An industrial equipment supplier was concerned that one of its core products was being threatened by a potential substitute that served the same markets but utilized different design. Many of the client’s largest customers were using both the client’s product and the alternative product.
The client was considering whether to add the substitute product to their portfolio. To address this decision, the Client turned to RSR Marketing Solutions (“RSR”) for assistance in gaining a fact-based assessment of the market and competitive landscape for the substitute product line. In particular, they wanted a clearer understanding of:
- The total and available market size for the core product and the substitute product, and the relative growth rates for these products
- End user demand for the substitute product line – who is buying the alternate product, how is their purchasing mix changing, who are their preferred suppliers, and why?

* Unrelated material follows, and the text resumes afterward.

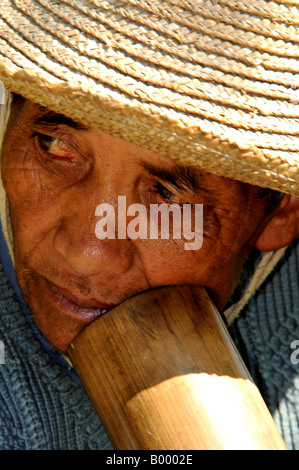 Un Hani Akha uomo fumi attraverso il grande tubo di bambù Foto Stock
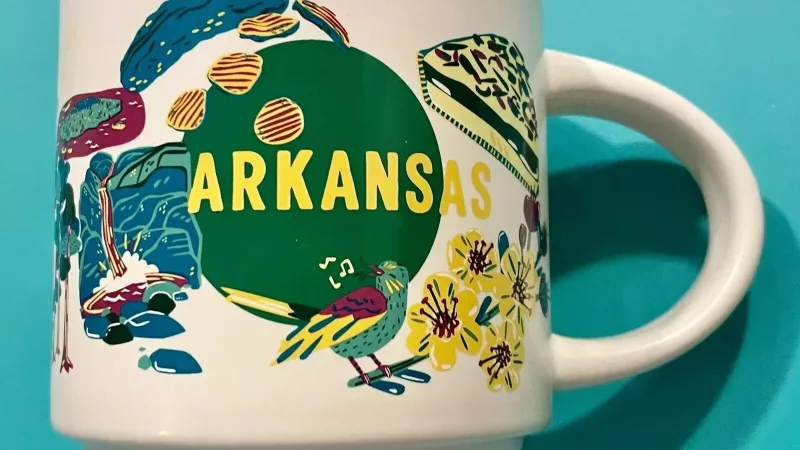 A Starbucks Arkansas Discovery Series mug featuring the state’s Capitol building, a violinist, flowers, diamonds, and a colorful bird, representing Arkansas’s culture and nature.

- To what extent would the client be cannibalizing sales of their core product if they added the substitute product to their portfolio?
If they do expand their product portfolio, should the new product be developed internally, or should the Client engage in a brand label agreement or strategic channel partnership?
Overview of RSR Engagement
- Determine market size and growth by key segment for both products in question.
- Assess positioning, strengths, vulnerabilities and likely reaction of leading competitors
- Identify potential partnerships or alliances that might offer the best risk-adjusted ROI.
Customer / Competitor Analysis
- Understand customer perceptions and buying behavior for the potential substitute product relative to the Client’s current product line.
- Evaluate buying behavior by key segment, to understand the degree to which the two products compete directly versus where they may be complementary
Key Study Findings
- Determined that the market for the potential substitute product was larger than expected. This finding helped justify the Client’s investment to expand its product portfolio.
- Found that a single competitor was dominating the market, but that customers generally wanted to have more than one supplier to reduce risk.
- Identified two potential partners that had strong engineering and manufacturing, but needed the client’s marketing and distribution strengths.
- Suggested market entry through a distribution arrangement instead of new product development, given the Client’s sales and marketing strengths in the business.
- Identified an unexpectedly large segment of the market that the client was not serving with its existing core product, but which the new product was well suited to serve.
- Screened potential partners and recommended which one offered the best prospects.